Now, we have arrived at a critical point in the reconciliation process. First Nations, survivors, elders, leaders, the National Centre for Truth and Reconciliation and others are calling for action to confront this history and help bring about closure. Families and communities are discussing this important issue, and the House of Commons has as well. In addition to a special debate on June 1st, New Democrats used our final opposition day in parliament to expand on the subject further.

It is imperative that the Calls to Action from the TRC report be implemented. So far only 10 of 94 were completed since it was tabled in 2015. If it chose to, the government could immediately respond to six important Calls that relate to this issue.

Those are Calls 71 - 76 which relate to:
The collection of records on the deaths of Aboriginal children in the care of residential schools and would provide funding to develop and maintain the National Residential School Student Death Register; for churches, Indigenous communities and former students to develop and maintain an online registry of residential school cemeteries; work with churches and families of children who died at residential schools to inform of the child’s death and respond to wishes for appropriate commemoration ceremonies/markers or reburial in home communities as requested; work with all parties to implement strategies for identifying, documenting, maintaining, commemorating, and protecting cemeteries and other sites where children were buried; ensure the work being carried out is led by the Aboriginal community most affected, that Survivors and Knowledge Keepers shall be sought for information in developing strategies, and Aboriginal protocols shall be respected before any potentially invasive technical inspection of a site.

In the meantime, Canadians struggle to understand more purposefully the history of residential schools as survivor’s and families relive the horrors of those times.
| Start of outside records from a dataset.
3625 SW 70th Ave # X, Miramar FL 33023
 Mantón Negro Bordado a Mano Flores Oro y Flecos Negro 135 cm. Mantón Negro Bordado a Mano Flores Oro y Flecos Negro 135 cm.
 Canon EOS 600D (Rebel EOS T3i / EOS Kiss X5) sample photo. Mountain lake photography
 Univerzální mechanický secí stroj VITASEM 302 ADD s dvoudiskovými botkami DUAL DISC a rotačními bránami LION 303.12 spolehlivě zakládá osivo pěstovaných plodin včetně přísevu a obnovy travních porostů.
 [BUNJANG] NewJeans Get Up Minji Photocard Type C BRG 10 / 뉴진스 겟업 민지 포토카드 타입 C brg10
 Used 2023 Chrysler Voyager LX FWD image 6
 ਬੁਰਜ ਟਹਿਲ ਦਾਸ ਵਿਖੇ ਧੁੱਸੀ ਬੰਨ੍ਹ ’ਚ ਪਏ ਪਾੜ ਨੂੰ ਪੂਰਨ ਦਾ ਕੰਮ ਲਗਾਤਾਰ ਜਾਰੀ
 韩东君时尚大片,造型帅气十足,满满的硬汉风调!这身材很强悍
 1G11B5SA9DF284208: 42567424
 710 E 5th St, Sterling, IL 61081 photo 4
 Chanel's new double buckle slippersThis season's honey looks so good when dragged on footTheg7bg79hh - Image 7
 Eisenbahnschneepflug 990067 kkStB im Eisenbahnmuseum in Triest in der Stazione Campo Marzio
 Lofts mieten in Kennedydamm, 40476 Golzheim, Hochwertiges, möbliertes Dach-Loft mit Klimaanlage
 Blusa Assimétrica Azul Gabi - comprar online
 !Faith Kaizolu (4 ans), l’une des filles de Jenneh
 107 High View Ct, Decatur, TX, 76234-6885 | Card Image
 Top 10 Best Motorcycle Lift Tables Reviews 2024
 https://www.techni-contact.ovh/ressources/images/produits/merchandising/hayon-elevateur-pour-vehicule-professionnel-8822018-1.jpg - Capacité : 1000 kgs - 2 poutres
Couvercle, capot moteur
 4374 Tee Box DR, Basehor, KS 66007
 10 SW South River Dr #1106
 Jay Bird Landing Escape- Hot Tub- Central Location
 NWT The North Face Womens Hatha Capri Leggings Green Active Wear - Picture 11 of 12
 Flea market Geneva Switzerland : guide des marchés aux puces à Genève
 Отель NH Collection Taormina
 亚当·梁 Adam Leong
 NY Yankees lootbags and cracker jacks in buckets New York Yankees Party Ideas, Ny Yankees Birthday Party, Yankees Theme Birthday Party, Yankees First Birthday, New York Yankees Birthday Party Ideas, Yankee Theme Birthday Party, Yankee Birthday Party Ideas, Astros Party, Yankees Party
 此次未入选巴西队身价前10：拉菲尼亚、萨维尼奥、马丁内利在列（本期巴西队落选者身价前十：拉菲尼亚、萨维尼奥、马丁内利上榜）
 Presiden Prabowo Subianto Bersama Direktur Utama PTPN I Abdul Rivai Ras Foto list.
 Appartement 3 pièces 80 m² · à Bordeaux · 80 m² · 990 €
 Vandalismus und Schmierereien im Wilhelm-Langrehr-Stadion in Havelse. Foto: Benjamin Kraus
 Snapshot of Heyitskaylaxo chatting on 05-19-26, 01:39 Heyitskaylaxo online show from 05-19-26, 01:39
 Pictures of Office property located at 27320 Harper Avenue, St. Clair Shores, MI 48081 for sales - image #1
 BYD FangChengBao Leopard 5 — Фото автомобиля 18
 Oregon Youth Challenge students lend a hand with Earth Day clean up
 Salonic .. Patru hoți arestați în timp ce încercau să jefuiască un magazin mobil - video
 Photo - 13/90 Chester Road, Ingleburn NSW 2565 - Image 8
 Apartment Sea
We are forced to consider that these were not really schools, they were institutions designed to eradicate and eliminate indigenous people both culturally and physically. By that very nature it makes them instruments of genocide.

Additionally, we are at a point where it is not good enough to say that we are sharing condolences. We must demand action to put right injustices and to fight for a future that is based on human rights, respect for treaty rights, respect for justice and respect for the inherent dignity of Indigenous people.